High-precision cell-type mapping and annotation of single-cell spatial transcriptomics with STAMapper

Recent advances in single-cell spatial transcriptomics (scST) have enabled the analysis of gene transcription levels in individual cells while preserving their spatial positions. Cell-type mapping and annotation are crucial in understanding the complex interactions between cells and their microenvironments within a spatial context. To this end, we develop a heterogeneous graph neural network, STAMapper, to transfer the cell-type labels from single-cell RNA-seq data to scST data. STAMapper captures both the expression similarity among cells and the expression relationships between cells and genes and adopts a graph attention classifier to conduct semi-supervised learning for more accurate cell-type prediction.
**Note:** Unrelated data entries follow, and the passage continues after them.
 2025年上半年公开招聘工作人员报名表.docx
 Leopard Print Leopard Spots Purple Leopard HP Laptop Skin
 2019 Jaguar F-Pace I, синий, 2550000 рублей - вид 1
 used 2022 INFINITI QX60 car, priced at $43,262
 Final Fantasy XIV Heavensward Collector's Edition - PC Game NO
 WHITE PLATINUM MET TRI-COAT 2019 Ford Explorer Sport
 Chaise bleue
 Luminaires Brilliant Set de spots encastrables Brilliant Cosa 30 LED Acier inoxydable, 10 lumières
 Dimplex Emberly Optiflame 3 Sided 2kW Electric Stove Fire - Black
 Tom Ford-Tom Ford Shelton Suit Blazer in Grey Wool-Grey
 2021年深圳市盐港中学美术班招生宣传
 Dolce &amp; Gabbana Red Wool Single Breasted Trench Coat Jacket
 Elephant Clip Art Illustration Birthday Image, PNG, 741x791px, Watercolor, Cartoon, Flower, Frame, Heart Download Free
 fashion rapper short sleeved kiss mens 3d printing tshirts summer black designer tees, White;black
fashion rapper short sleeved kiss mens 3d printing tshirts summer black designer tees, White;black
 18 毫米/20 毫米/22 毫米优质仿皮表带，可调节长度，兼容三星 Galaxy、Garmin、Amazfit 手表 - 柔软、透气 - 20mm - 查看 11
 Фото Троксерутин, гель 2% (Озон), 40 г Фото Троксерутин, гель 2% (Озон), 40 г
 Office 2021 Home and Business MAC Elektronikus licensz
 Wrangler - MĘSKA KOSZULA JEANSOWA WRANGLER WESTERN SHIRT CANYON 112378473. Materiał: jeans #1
We collected 81 scST datasets consisting of 344 slices and 16 paired scRNA-seq datasets from eight technologies and five tissues to validate the efficiency of STAMapper. STAMapper achieved the best performance on 75 out of 81 datasets compared to competing methods in accuracy. STAMapper demonstrated enhanced performance over manual annotations, particularly at the boundaries of cell clusters, enabled the unknown cell-type detection in scST data, and exhibited precise cell subtype annotations. Additionally, STAMapper provided biologically meaningful gene embeddings, facilitating the identification of shared or unique gene modules across datasets.